Rule 4.7(a) requires that in order for an individual to qualify as a QEP, he must meet certain portfolio and net worth or annual income requirements. The portfolio component requires an individual to: (1) own securities and other investments with an aggregate market value of at least $2 million; (2) have on deposit with a futures commission merchant initial margin and option premiums exceeding $200,000 for the previous six months; or (3) own a portfolio comprised of a proportionate blend of the items specified in (1) and (2). The net worth or annual income component requires that an individual have a net worth in excess of $1 million or an annual income in excess of $200,000 in each of the two most recent years.2 "A", the prospective investor, meets neither the portfolio nor the net worth or annual income requirements. With respect to the portfolio requirement, you have represented that "A"owns securities and other investments with an aggregate value of $400,000, which represents only twenty percent of the required portfolio amount.

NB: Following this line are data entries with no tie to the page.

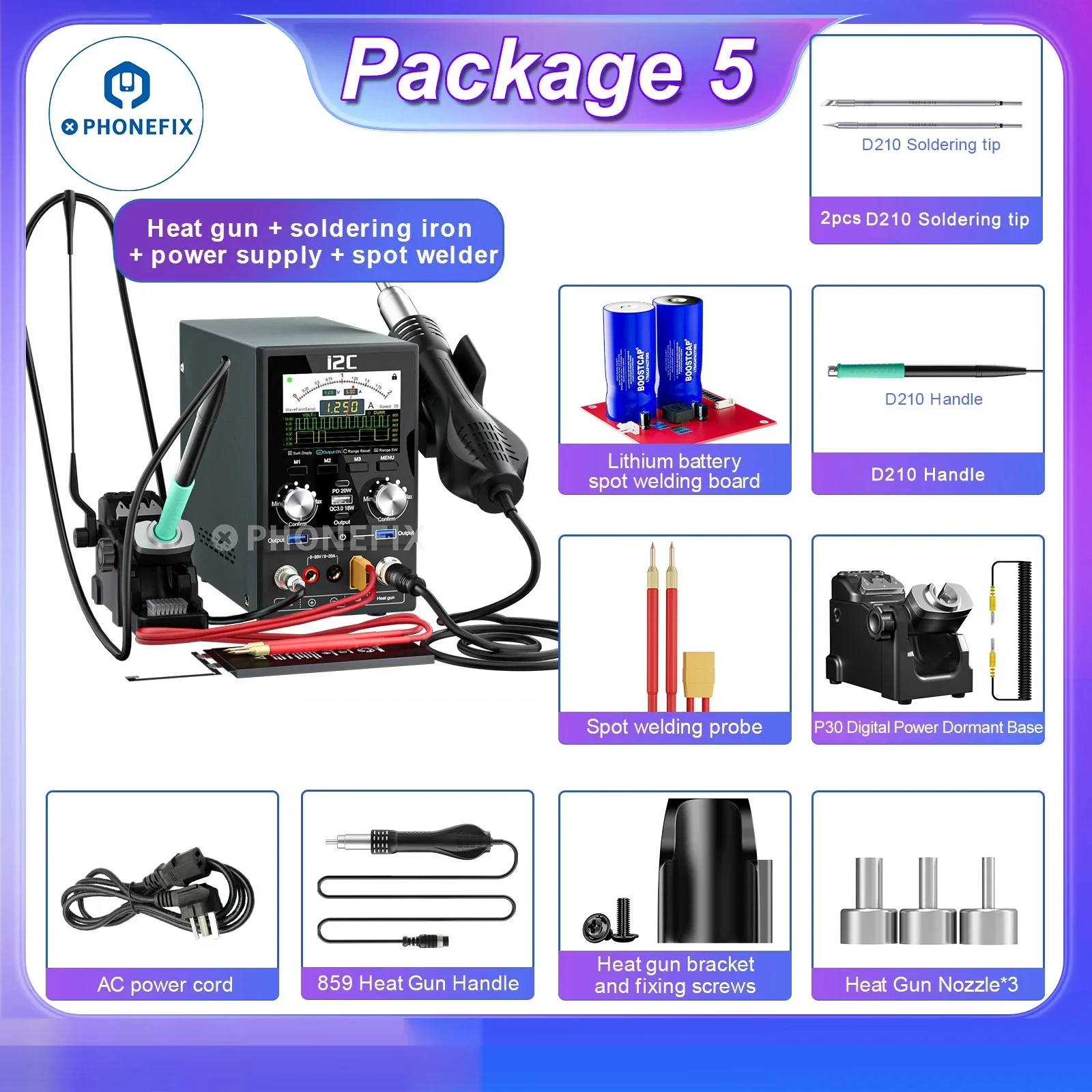 

i2C P30 Digital Power Supply Soldering Station Short Circuit Repair One-click Startup Charging Station for PCB Welding Repair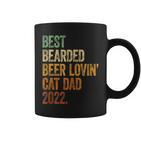 Herren Best Bearded Beer Lovin Cat Dad Bier Papa Hundeater Tassen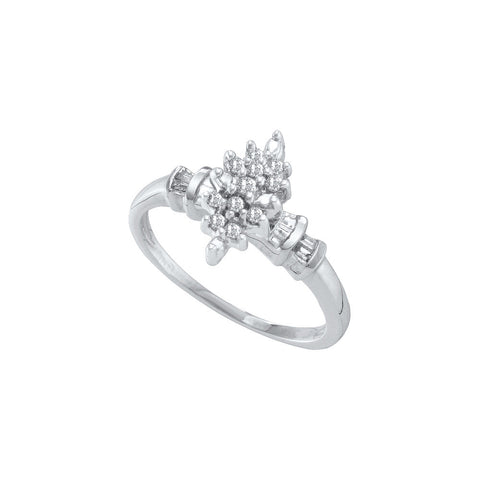 10kt White Gold Womens Round Prong-set Diamond Marquis-shape Cluster Ring 1/6 Cttw 26623 - shirin-diamonds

With respect to the net worth or annual income requirement, you have represented that "A" has a net worth of $800,000 and had an annual income of approximately $105,000 in 1996 and $170,000 in 1997. These figures fall short of the required net worth or annual income levels in Rule 4.7(a), nor do there appear to be other facts or circumstances that would support "X's" request to treat "A" as if he satisfies the QEP criteria of Rule 4.7(a).
If you would like to discuss this matter further, please feel free to contact Monica S. Amparo, an attorney on my staff, at (202) 418-5450.
Sincerely,
I. Michael Greenberger
Director
1 "X" filed a Notice of Claim for Exemption pursuant to Rule 4.7(a) with respect to the Fund on July 17, 1995. Commission rules referred to herein are found at 17 C.F.R. Ch. I (1997).
2 Pursuant to Regulation D under the Securities Act of 1933, a natural person who satisfies either of these financial requirements is an accredited investor.